The meaning of «yellow river»

The Yellow River (Chinese: 黃河, Jin: [xuə xɔ]; Mandarin: Huang he [xwǎŋ xɤ̌] (listen)) is the second-longest river in China, after the Yangtze River, and the sixth-longest river system in the world at the estimated length of 5,464 km (3,395 mi).[1] Originating in the Bayan Har Mountains in Qinghai province of Western China, it flows through nine provinces, and it empties into the Bohai Sea near the city of Dongying in Shandong province. The Yellow River basin has an east–west extent of about 1,900 kilometers (1,180 mi) and a north–south extent of about 1,100 km (680 mi). Its total drainage area is about 795,000 square kilometers (307,000 sq mi).

Its basin was the birthplace of ancient Chinese civilization, and it was the most prosperous region in early Chinese history. There are frequent devastating floods and course changes produced by the continual elevation of the river bed, sometimes above the level of its surrounding farm fields.

Early Chinese literature including the Yu Gong or Tribute of Yu dating to the Warring States period (475–221 BC) refers to the Yellow River as simply 河 (Old Chinese: *C.gˤaj,[2] Modern Beijing Mandarin: /xɤ/ or in pinyin Hé), a character that has come to mean "river" in modern usage.

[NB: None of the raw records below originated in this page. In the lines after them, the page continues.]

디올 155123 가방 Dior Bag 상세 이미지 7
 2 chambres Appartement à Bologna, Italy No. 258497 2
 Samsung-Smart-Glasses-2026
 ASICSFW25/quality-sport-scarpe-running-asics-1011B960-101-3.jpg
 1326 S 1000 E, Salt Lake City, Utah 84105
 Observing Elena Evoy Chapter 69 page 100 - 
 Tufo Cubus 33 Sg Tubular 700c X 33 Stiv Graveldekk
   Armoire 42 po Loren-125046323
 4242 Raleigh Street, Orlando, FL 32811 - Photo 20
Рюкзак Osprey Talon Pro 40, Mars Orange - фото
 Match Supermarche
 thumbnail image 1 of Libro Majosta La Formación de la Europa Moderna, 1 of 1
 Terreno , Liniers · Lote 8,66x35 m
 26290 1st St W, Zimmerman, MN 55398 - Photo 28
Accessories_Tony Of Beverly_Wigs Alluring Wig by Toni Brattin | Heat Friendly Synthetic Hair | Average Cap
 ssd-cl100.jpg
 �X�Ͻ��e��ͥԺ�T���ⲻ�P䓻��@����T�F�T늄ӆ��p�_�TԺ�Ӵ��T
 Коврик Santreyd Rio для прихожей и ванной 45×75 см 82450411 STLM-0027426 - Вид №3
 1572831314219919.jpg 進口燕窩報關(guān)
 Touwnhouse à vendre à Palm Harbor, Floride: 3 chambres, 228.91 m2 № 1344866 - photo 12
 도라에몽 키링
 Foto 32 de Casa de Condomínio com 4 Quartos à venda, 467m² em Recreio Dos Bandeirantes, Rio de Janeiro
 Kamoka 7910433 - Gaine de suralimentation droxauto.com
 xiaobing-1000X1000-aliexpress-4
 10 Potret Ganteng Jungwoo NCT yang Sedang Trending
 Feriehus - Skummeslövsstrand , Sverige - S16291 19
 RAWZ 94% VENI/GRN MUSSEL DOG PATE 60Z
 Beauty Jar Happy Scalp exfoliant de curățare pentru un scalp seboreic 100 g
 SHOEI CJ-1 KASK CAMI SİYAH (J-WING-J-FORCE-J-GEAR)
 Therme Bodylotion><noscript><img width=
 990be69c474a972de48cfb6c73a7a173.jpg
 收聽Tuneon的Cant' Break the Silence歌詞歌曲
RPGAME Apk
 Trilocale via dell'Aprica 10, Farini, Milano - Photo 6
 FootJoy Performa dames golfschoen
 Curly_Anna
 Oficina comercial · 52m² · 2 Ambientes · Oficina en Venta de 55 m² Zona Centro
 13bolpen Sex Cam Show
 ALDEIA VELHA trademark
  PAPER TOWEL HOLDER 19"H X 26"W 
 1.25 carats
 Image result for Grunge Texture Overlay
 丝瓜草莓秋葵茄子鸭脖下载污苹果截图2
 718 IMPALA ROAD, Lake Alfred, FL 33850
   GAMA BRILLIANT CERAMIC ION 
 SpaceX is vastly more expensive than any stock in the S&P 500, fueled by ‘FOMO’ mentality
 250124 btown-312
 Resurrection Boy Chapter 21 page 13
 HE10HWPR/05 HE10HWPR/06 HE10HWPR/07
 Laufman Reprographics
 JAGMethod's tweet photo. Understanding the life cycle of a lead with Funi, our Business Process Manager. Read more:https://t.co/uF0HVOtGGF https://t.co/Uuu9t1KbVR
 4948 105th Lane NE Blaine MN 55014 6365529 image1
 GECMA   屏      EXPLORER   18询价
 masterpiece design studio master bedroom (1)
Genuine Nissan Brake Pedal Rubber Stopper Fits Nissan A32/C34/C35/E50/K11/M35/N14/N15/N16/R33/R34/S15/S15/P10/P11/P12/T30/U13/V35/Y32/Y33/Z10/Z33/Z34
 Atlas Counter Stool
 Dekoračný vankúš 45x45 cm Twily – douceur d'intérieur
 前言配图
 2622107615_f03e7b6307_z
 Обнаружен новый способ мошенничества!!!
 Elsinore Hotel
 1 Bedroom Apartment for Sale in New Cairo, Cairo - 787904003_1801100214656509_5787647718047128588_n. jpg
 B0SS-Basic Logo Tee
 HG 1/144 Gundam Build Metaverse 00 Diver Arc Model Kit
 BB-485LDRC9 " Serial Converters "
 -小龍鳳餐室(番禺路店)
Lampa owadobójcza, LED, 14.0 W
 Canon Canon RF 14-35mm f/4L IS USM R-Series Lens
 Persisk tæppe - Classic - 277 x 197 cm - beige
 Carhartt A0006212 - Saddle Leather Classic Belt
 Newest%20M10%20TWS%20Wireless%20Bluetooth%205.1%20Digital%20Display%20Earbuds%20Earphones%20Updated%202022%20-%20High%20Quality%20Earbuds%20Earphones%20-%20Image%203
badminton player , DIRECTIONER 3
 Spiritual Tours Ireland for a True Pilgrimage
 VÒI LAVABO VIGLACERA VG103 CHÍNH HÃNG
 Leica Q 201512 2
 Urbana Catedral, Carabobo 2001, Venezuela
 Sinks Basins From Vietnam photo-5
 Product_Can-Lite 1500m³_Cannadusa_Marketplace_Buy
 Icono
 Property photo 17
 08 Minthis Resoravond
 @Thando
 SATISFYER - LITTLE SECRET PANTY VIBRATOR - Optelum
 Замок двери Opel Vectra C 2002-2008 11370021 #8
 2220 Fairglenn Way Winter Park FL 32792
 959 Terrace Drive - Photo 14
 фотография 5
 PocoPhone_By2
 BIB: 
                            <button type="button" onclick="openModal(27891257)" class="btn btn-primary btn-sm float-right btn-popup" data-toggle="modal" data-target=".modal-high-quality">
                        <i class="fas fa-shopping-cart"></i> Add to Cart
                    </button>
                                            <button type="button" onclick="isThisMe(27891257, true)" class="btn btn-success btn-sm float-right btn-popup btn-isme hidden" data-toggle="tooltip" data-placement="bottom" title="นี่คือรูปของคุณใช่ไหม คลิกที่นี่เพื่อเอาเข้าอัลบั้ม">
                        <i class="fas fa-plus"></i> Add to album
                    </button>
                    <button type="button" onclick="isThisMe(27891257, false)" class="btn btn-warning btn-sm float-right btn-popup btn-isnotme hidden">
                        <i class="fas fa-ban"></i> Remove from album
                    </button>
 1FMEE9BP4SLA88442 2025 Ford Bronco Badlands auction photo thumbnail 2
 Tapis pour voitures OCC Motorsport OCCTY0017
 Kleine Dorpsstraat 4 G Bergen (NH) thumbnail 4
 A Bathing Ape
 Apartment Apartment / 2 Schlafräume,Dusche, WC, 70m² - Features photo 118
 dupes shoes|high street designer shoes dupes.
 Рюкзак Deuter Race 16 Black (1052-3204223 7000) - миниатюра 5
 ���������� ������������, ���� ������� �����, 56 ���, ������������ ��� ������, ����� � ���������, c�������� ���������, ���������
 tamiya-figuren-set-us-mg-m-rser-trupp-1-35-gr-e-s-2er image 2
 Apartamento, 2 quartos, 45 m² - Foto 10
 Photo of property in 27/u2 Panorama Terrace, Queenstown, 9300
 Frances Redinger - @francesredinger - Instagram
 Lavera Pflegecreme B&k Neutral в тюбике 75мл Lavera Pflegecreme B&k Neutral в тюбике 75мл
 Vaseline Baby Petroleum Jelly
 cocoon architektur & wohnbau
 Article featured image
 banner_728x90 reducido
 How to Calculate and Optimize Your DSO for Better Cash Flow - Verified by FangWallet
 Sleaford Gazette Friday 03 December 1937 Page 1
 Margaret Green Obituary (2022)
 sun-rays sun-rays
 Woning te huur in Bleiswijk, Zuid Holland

The first appearance of the name 黃河 (Old Chinese: *N-kʷˤaŋ C.gˤaj; Middle Chinese: Huang Ha[2]) is in the Book of Han written during the Eastern Han dynasty about the Western Han dynasty. The adjective "yellow" describes the perennial color of the muddy water in the lower course of the river, which arises from soil (loess) being carried downstream.

One of its older Mongolian names was the "Black River",[3] because the river runs clear before it enters the Loess Plateau, but the current name of the river among Inner Mongolians is Ȟatan Gol (Хатан гол, "Queen River").[4] In Mongolia itself, it is simply called the Šar Mörön (Шар мөрөн, "Yellow River").[5]

In Qinghai, the river's Tibetan name is "River of the Peacock" (Tibetan: རྨ་ཆུ, Wylie: rma.chu, THL: Ma Chu; simplified Chinese: 玛曲; traditional Chinese: 瑪曲; pinyin: Mǎ Qū)

The Yellow River is one of several rivers that are essential for China's existence. At the same time, however, it has been responsible for several deadly floods, including the only natural disasters in recorded history to have killed more than a million people. Among the deadliest were the 1332–33 flood during the Yuan dynasty, the 1887 flood during the Qing dynasty which killed anywhere from 900,000 to 2 million people, and a Republic of China era 1931 flood (part of a massive number of floods that year) that killed 1–4 million people.[6]

The cause of the floods is the large amount of fine-grained loess carried by the river from the Loess Plateau, which is continuously deposited along the bottom of its channel. The sedimentation causes natural dams to slowly accumulate. These subaqueous dams are unpredictable and generally undetectable. Eventually, the enormous amount of water needs to find a new way to the sea, forcing it to take the path of least resistance. When this happens, it bursts out across the flat North China Plain, sometimes taking a new channel and inundating most farmland, cities or towns in its path. The traditional Chinese response of building higher and higher levees along the banks sometimes also contributed to the severity of the floods: When flood water did break through the levees, it could no longer drain back into the river bed as it would after a normal flood, as the river bed was sometimes now higher than the surrounding countryside. These changes could cause the river's mouth to shift as much as 480 km (300 mi), sometimes reaching the ocean to the north of Shandong Peninsula and sometimes to the south.[7]